In 1996, the Eleventh Circuit Court of Appeals ruled that school employees must commit the harassment to state a valid sexual harassment claim under Title IX. Then, in 1998, the court reversed its previous 1996 decision and held that Title IX could not hold schools liable for student-on-student sexual harassment.

The case was then argued to the Supreme Court on January 12, 1999, with Verna L. Williams representing the Davis’ on behalf of the National Women's Law Center. Barbara D. Underwood, part of the Department of Justice for the United States, also advocated for the petitioners as amicus curiae. W.Warren Plowden Jr. advocated for the respondents, the Monroe County Board of Education. On May 24, 1999 the Supreme Court decided in the Rehnquist Court that a school district could be held liable under Title IX for student-on student harassment if the board acts with deliberate indifference to known acts of harassment.

== Opinions of the Supreme Court ==
With a 5-to-4 decision of the Supreme Court, the court held that a school district may be liable for damages under Title IX if there is deliberate indifference for student-on-student harassment. The opinion of the Court was delivered by Justice O'Connor, stating that the Eleventh Circuit erred in dismissing Davis's complaint and that there would be further proceeding that was consistent with their opinion. The majority opinion was joined by John Stevens, David Souter, Stephen Breyer and Ruth Bader Ginsburg.

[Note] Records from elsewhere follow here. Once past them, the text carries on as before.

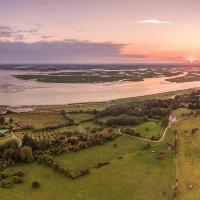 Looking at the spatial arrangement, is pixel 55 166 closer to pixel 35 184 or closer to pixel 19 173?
pixel 19 173

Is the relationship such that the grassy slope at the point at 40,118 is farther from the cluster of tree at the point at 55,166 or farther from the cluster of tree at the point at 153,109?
the cluster of tree at the point at 55,166

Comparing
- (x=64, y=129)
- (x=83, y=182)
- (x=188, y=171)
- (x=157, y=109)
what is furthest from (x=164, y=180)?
(x=157, y=109)

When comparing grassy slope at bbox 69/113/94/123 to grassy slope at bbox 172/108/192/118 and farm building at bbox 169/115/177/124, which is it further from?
grassy slope at bbox 172/108/192/118

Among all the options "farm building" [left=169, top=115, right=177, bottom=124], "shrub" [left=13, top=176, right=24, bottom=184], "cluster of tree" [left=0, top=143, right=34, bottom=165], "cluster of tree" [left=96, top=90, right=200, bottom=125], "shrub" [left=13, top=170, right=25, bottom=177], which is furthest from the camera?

The dissenting opinion, delivered by Justice Kennedy, was joined by Justices Rehquist, Scalia, and Thomas. The dissent argued that decisions should best be made by parents, teachers and school administrations, not by the Court.

== Public opinions ==
Opinions of Davis' case varied in the public eye. While the Clinton administration sided with the Davis family's case, and were pleased with the ruling, others were dismayed by the decision. The large question that the dissenting participants and public asked was how would one draw the line between harassment, that amounted to sex discrimination and harassment, and the typical teasing and flirting in the school yard. Some believed that it made little sense to apply workplace sexual harassment standards, and the standards applied to colleges and universities, to schools and their schoolchildren. Opinions that supported the Davis family emphasized how the issue of sexual harassment in the classroom was becoming a prominent issue. The prominent idea in the supporting opinions were that schoolchildren should be entitled to be protected from this misconduct, the same as their teachers are.

== Importance of case ==
Due to this case, the Supreme Court reversed and remanded the lower court, stating that the court improperly dismissed the plaintiff, Aurelia Davis’, lawsuit against the Monroe County Board of Education. The court also held that a school board may be held liable for student-on-student harassment if the board acts with deliberate indifference towards the claims that are made. The court defined that peer-on-peer harassment in educational contexts undermines the victims educational experience and should not be denied equal access to an institutions resources and opportunities. By agreeing with Davis, Title IX reaches sexual harassment even when committed by other students and when schools become aware of this misconduct occurring, it imposes a duty on these schools.